My wife is a geologist and as Alberta is a hotspot for her work I will be moving to Edmonton remuster or not lol...Would rather stay within the forces as I truly do enjoy the brotherhood that comes with being employed in the forces. Really hope it all works out because I couldn't imagine doing anything else than being in the military.


----------



## Cronicbny (16 Jun 2014)

For the record the MFRC in Colwood (Victoria) charges 945/mo for children 3 and under and 700/mo for 3 to school age - not sure where the 1800/mo comes from unless youre talking about two kids. 

Also, private child care is competitive with those prices.


----------



## Old EO Tech (16 Jun 2014)

Scuba_Dave said:
			
		

> Ah roger. Yeah we don't have a house here in Victoria so thats all squared away. And yes X its true just starting. Just getting ducks in a row to ensure we are prepared. Thankfully as far as I know, when the government started to reduce the number of troops in garrison, they overkilled it. I was checking the openings for all Cpl positions within the PPCLI and there are quite a shortage. As I am sure you are aware they forced Ptes to remuster (a lot of them to my trade in the Navy actually), but they never foresaw the attrition problems the military has, plus releases etc...If I can get into 1 or 3VP excellent.
> 
> My wife is a geologist and as Alberta is a hotspot for her work I will be moving to Edmonton remuster or not lol...Would rather stay within the forces as I truly do enjoy the brotherhood that comes with being employed in the forces. Really hope it all works out because I couldn't imagine doing anything else than being in the military.

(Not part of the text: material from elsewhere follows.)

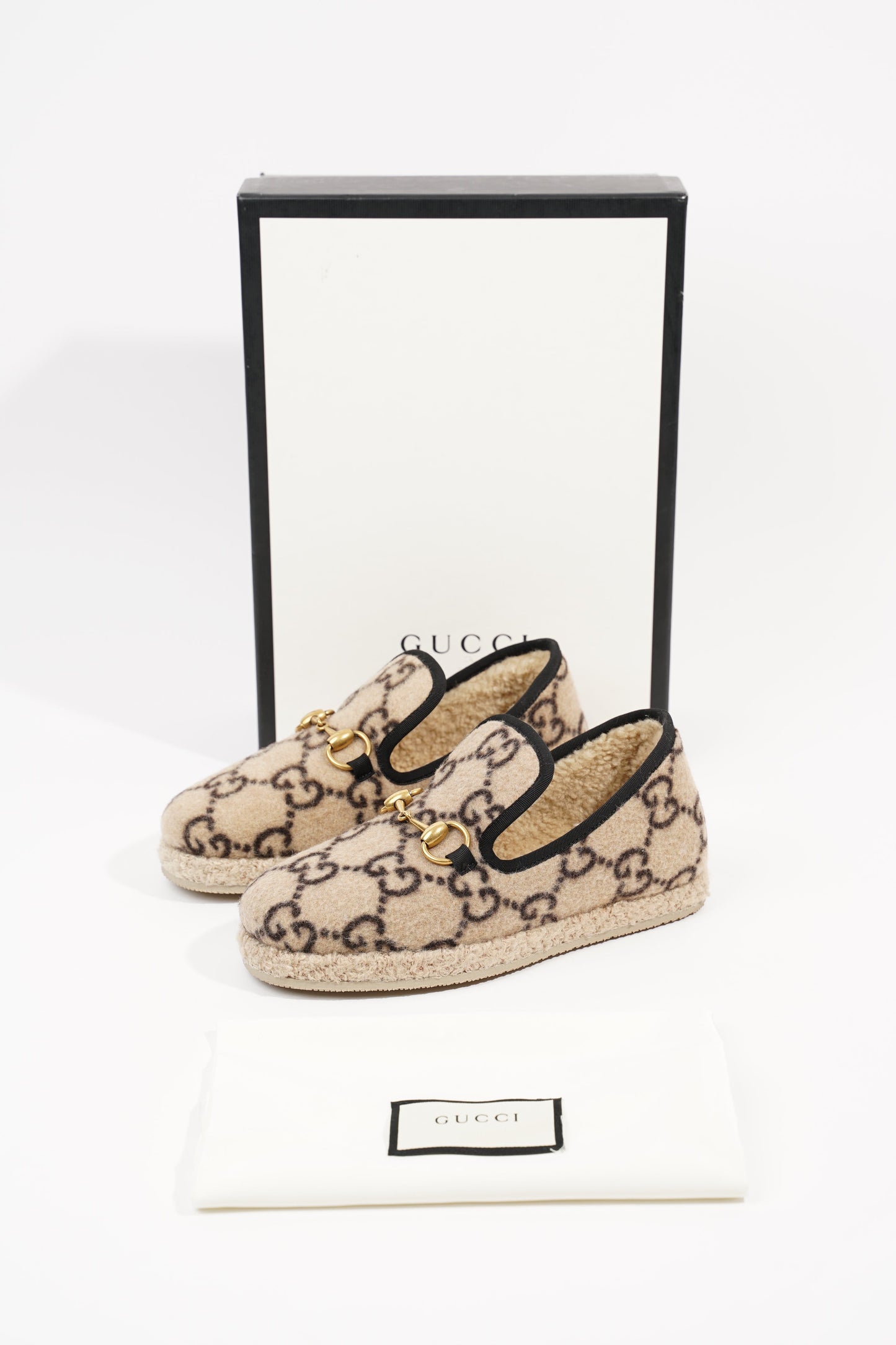 Gucci GG Wool Loafer Beige Black EU 34 / UK 1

While it is true that nothing is a sure thing until you get a posting message.  You are correct, I work at 1VP, and both 1 and 3VP are very short infanteers.  We are even running an exported DP1 Infanteer this summer/fall in the Bn.  And 3VP will soon be going from a purely light Bn to one with TAPV...so IMHO it's a pretty safe bet that you will have a place to work here in Edmonton.


----------



## Scuba_Dave (17 Jun 2014)

Rog EO. Thanks for the info. Is this in-house DP1 looking like its going to become something of the norm from the Bn level? Because if that is the case obviously #1 its going to cut down on expenditures for sending guys off for training, makes sense financially for all the number crunchers up at NDHQ. Also #2 it would make this transition from the navy to the infantry a little smoother I feel. IE not going to Wainwright for X amount of days rugga rugga. TAPV..Tactical Armoured Patrol Veh correct?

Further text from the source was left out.